Portable batch predictions¶
Portable batch predictions (PBP) let you score large amounts of data on disconnected environments.
Before you can use portable batch predictions, you need to configure the Portable Prediction Server (PPS), a DataRobot execution environment for DataRobot model packages (.mlpkg
files) distributed as a self-contained Docker image. Portable batch predictions use the same Docker image as the PPS but run it in a different mode.
Availability information
The Portable Prediction Server is a feature exclusive to DataRobot MLOps. Contact your DataRobot representative for information on enabling it.
Scoring methods¶
Portable batch predictions can use the following adapters to score datasets:
Filesystem
JDBC
AWS S3
Azure Blob
GCS
Snowflake
Synapse
To run portable batch predictions, you need the following artifacts:
After you prepare these artifacts, you can run portable batch predictions. See also additional examples of running portable batch predictions.
Job definitions¶
You can define jobs using a JSON
config file in which you describe prediction_endpoint
, intake_settings
,
output_settings
, timeseries_settings
(optional) for time series scoring, and jdbc_settings
(optional) for JDBC scoring.
Self-Managed AI Platform only: Prediction endpoint SSL configuration
If you need to disable SSL verification for the prediction_endpiont
, you can set ALLOW_SELF_SIGNED_CERTS
to True
. This configuration disables SSL certificate verification for requests made by the application to the web server. This is useful if you have SSL encryption enabled on your cluster and are using certificates that are not signed by a globally trusted Certificate Authority (self-signed).
The prediction_endpoint
describes how to access the PPS and is constructed as <schema>://<hostname>:<port>
, where you define the following attributes:
Attribute | Description |
---|---|
schema |
http or https |
hostname |
The hostname of the instance where your PPS is running |
port |
The port of the prediction API running inside the PPS |
The jdbc_setting
has the following attributes:
Attribute | Description |
---|---|
url |
The URL to connect via the JDBC interface |
class_name |
The class name used as an entry point for JDBC communication |
driver_path |
The path to the JDBC driver on your filesystem (available inside the PBP container) |
template_name |
The name of the template in case of write-back. To obtain the names of the support templates, please contact your DataRobot representative. |
All other parameters are the same as regular Batch Predictions.
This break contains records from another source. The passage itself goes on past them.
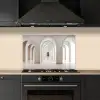 Hal - Bogen - Symmetrisch - Modern keuken achterwand spatscherm klein -sfeer1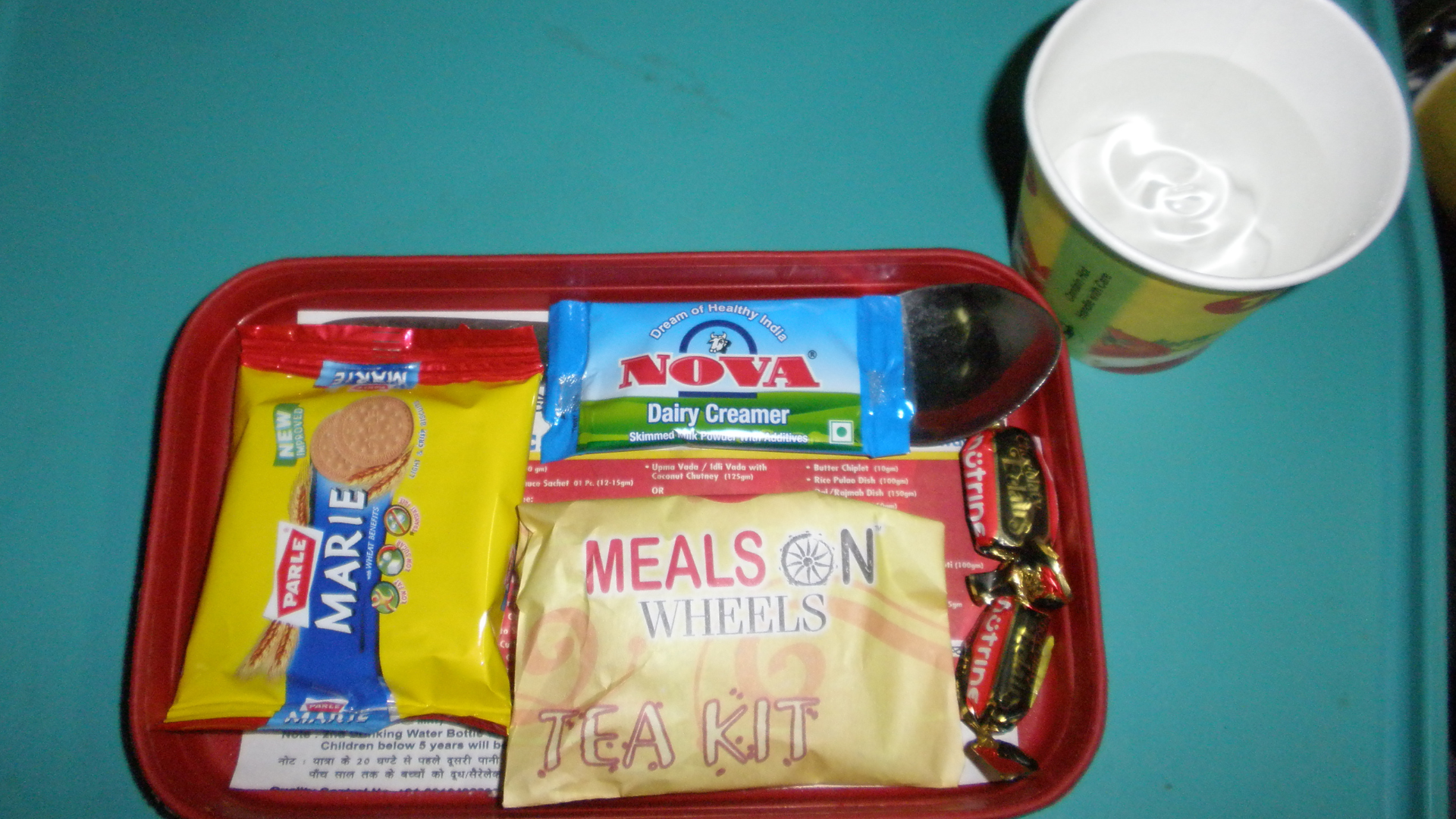 Tea & Bikkies with Indian Railways
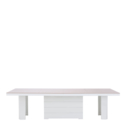 Stół rozkładany KOLOS II połysk cappucino / biały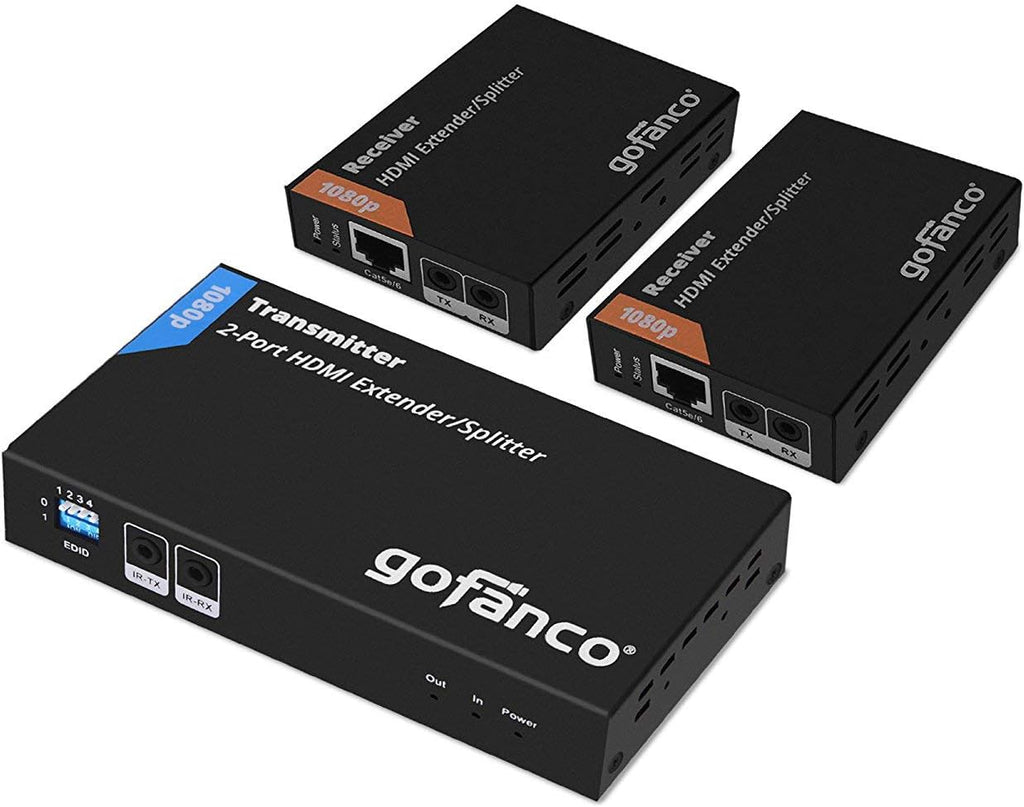 1x2 HDMI Extender Splitter Full HD 1080p Over Ethernet Cable with HDMI Loopout K242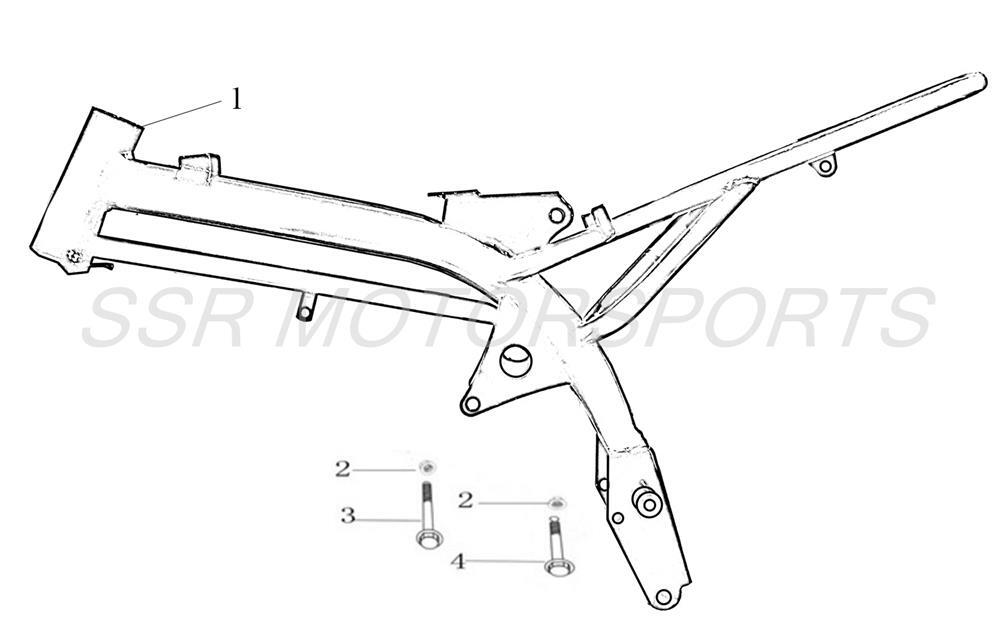 2022 SSR SR70C - Frame Parts Diagram
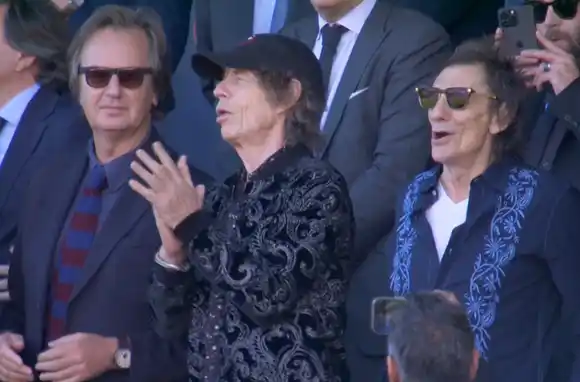 Clásico Stone: Mick Jagger y Ron Wood presentes para ver Barcelona – Real Madrid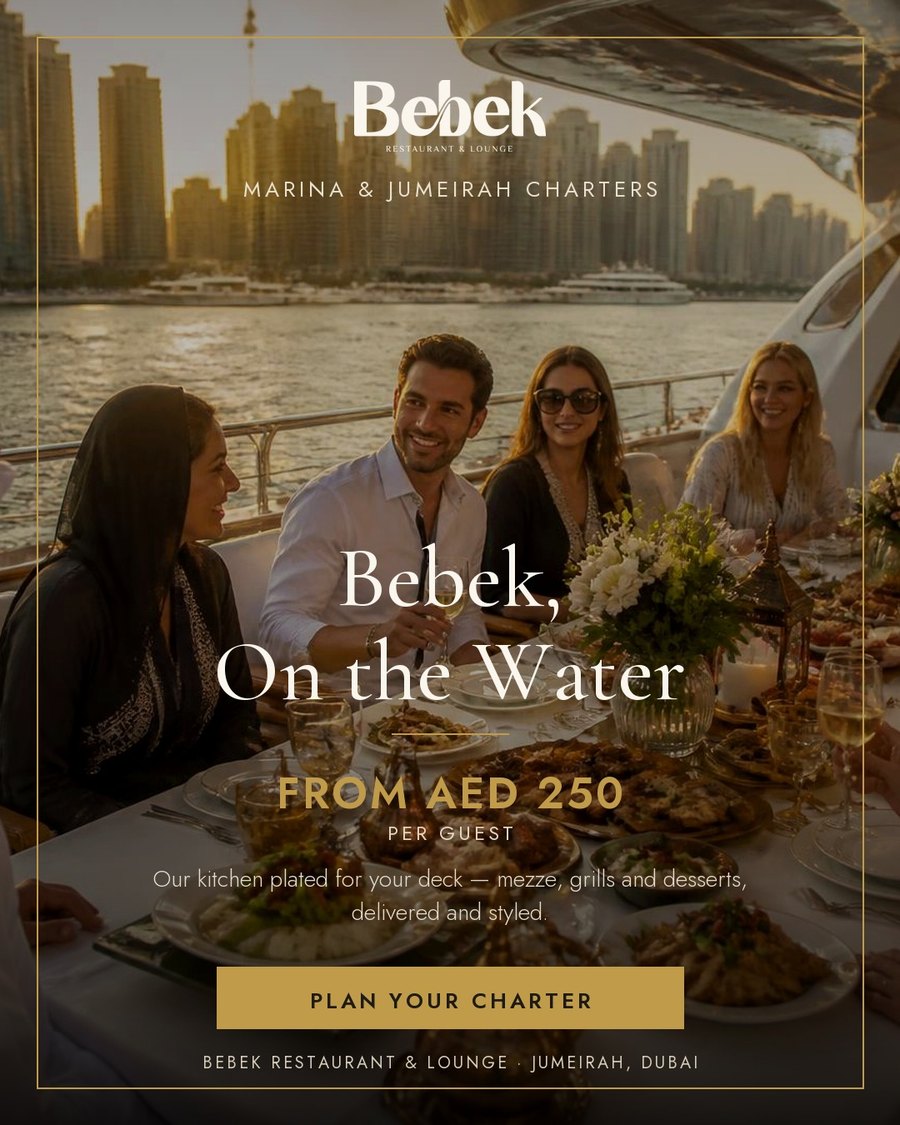 Yacht Catering social media campaign mockup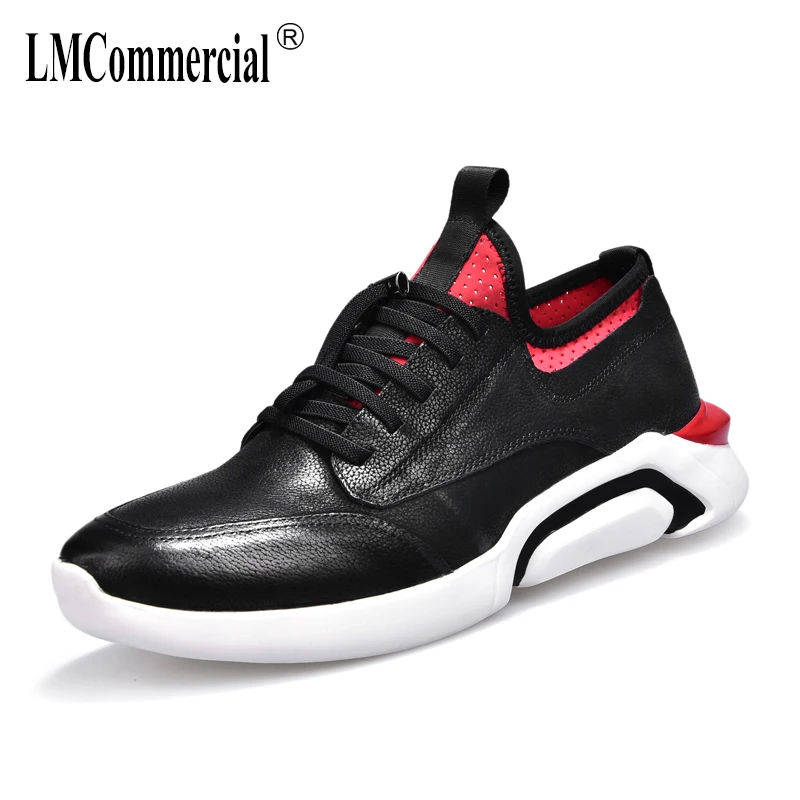

men's shoes spring autumn summer Genuine leather shoes men 2018 all-match cowhide breathable sneaker fashion male casual shoes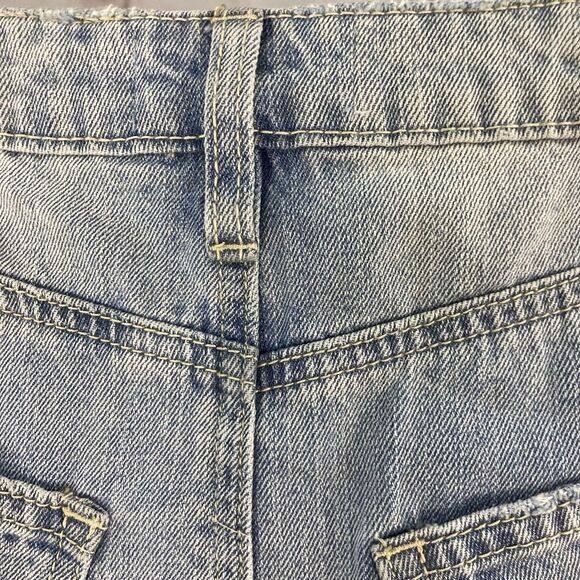 RSQ Womens Skirt Denim Maxi Front Slit High Waist Jean Y2K Retro Grunge Cargo - Picture 12 of 15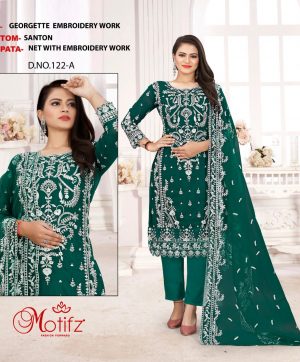 MOTIFZ 122 A PAKISTANI SUITS MANUFACTURER IN INDIA
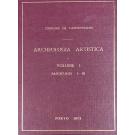 VASCONCELLOS, Joaquim de. - ARCHEOLOGIA ARTISTICA. Volume I - Fasciculo I (ao V).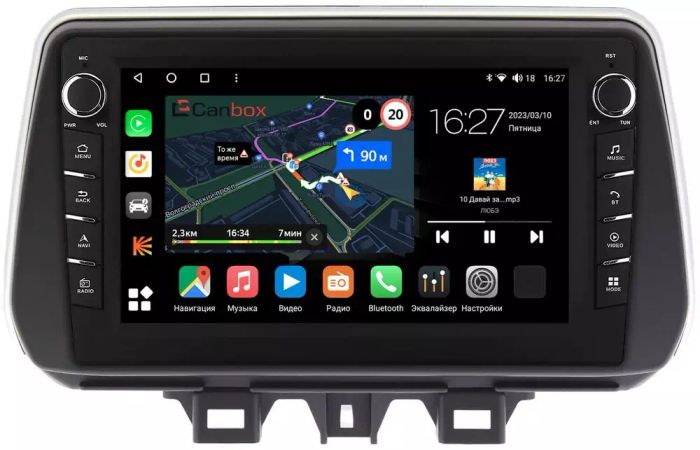 Магнитола для Hyundai Tucson 2018-2021 - Canbox 9158 Android 10, Быстрая, CarPlay, 4G SIM-слот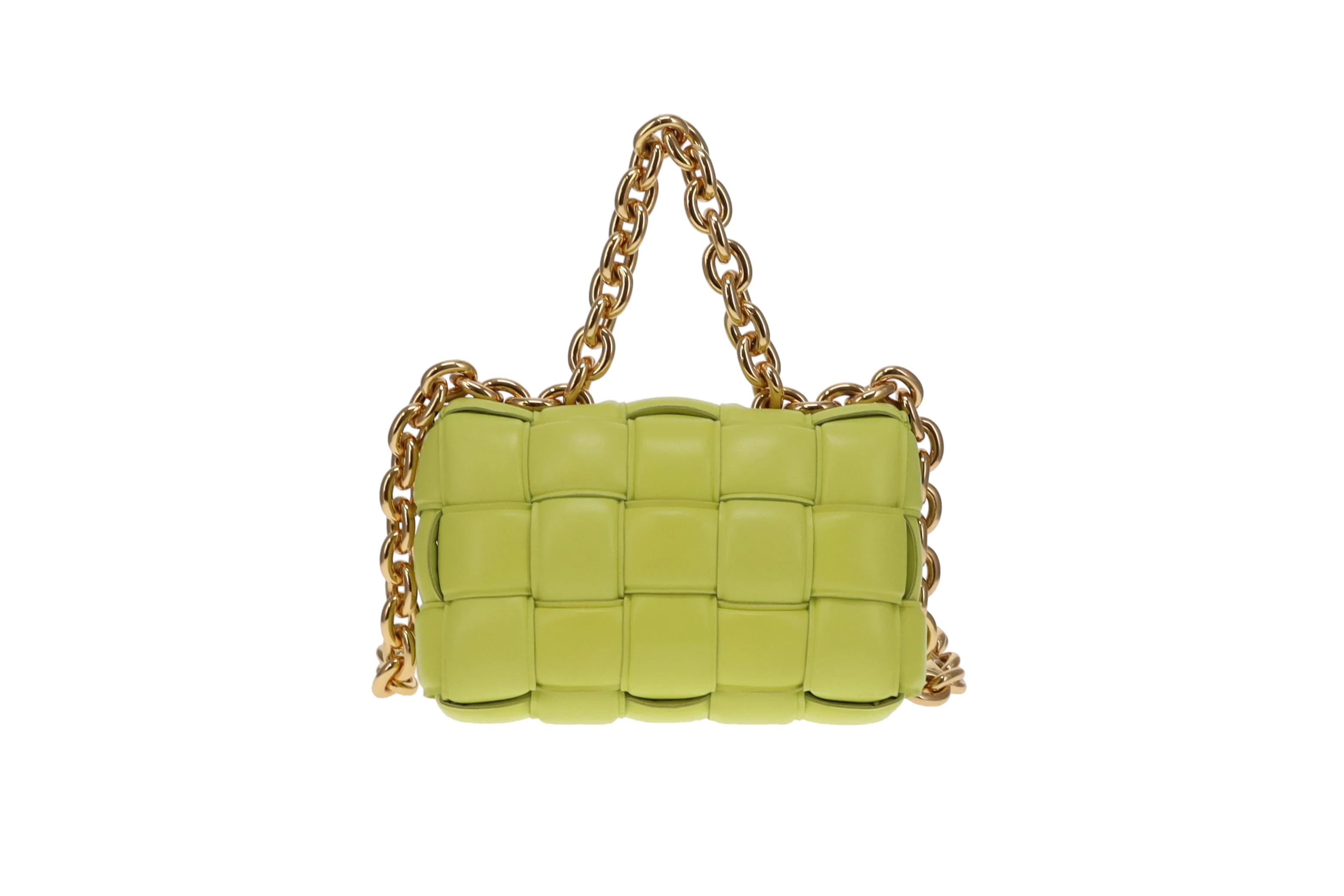 Bottega Veneta Lime Lambskin Padded Chain Cassette RRP €4200 - Image 7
The following outlines a JDBC example that scores to and from Snowflake using single-mode PPS running locally and can be defined as a job_definition_jdbc.json
file:
{
"prediction_endpoint": "http://127.0.0.1:8080",
"intake_settings": {
"type": "jdbc",
"table": "SCORING_DATA",
"schema": "PUBLIC"
},
"output_settings": {
"type": "jdbc",
"table": "SCORED_DATA",
"statement_type": "create_table",
"schema": "PUBLIC"
},
"passthrough_columns_set": "all",
"include_probabilities": true,
"jdbc_settings": {
"url": "jdbc:snowflake://my_account.snowflakecomputing.com/?warehouse=WH&db=DB&schema=PUBLIC",
"class_name": "net.snowflake.client.jdbc.SnowflakeDriver",
"driver_path": "/tmp/portable_batch_predictions/jdbc/snowflake-jdbc-3.12.0.jar",
"template_name": "Snowflake"
}
}
Credentials environment variables¶
If you are using JDBC or private containers in cloud storage, you can specify the required credentials as environment variables. The following table shows which variables names are used:
Name | Type | Description |
---|---|---|
AWS_ACCESS_KEY_ID |
string | AWS Access key ID |
AWS_SECRET_ACCESS_KEY |
string | AWS Secret access key |
AWS_SESSION_TOKEN |
string | AWS token |
GOOGLE_STORAGE_KEYFILE_PATH |
string | Path to GCP credentials file |
AZURE_CONNECTION_STRING |
string | Azure connection string |
JDBC_USERNAME |
string | Username for JDBC |
JDBC_PASSWORD |
string | Password for JDBC |
SNOWFLAKE_USERNAME |
string | Username for Snowflake |
SNOWFLAKE_PASSWORD |
string | Password for Snowflake |
SYNAPSE_USERNAME |
string | Username for Azure Synapse |
SYNAPSE_PASSWORD |
string | Password for Azure Synapse |
Here's an example of the credentials.env
file used for JDBC scoring:
export JDBC_USERNAME=TEST_USER
export JDBC_PASSWORD=SECRET
Run portable batch predictions¶
Portable batch predictions run inside a Docker container. You need to mount job definitions, files, and datasets (if you are going to score from a host filesystem and set a path inside the container) onto Docker. Using a JDBC job definition and credentials from previous examples, the following outlines a complete example of how to start a portable batch predictions job to score to and from Snowflake.
docker run --rm \
-v /host/filesystem/path/job_definition_jdbc.json:/docker/container/filesystem/path/job_definition_jdbc.json \
--network host \
--env-file /host/filesystem/path/credentials.env \
datarobot-portable-predictions-api batch /docker/container/filesystem/path/job_definition_jdbc.json
Here is another example of how to run a complete end-to-end flow, including PPS and a write-back job status into the DataRobot platform for monitoring progress.
#!/bin/bash
# This snippet starts both the PPS service and PBP job using the same PPS docker image
# available from Developer Tools.
#################
# Configuration #
#################
# Specify path to directory with mlpkg(s) which you can download from deployment
MLPKG_DIR='/host/filesystem/path/mlpkgs'
# Specify job definition path
JOB_DEFINITION_PATH='/host/filesystem/path/job_definition.json'
# Specify path to file with credentials if needed (for cloud storage adapters or JDBC)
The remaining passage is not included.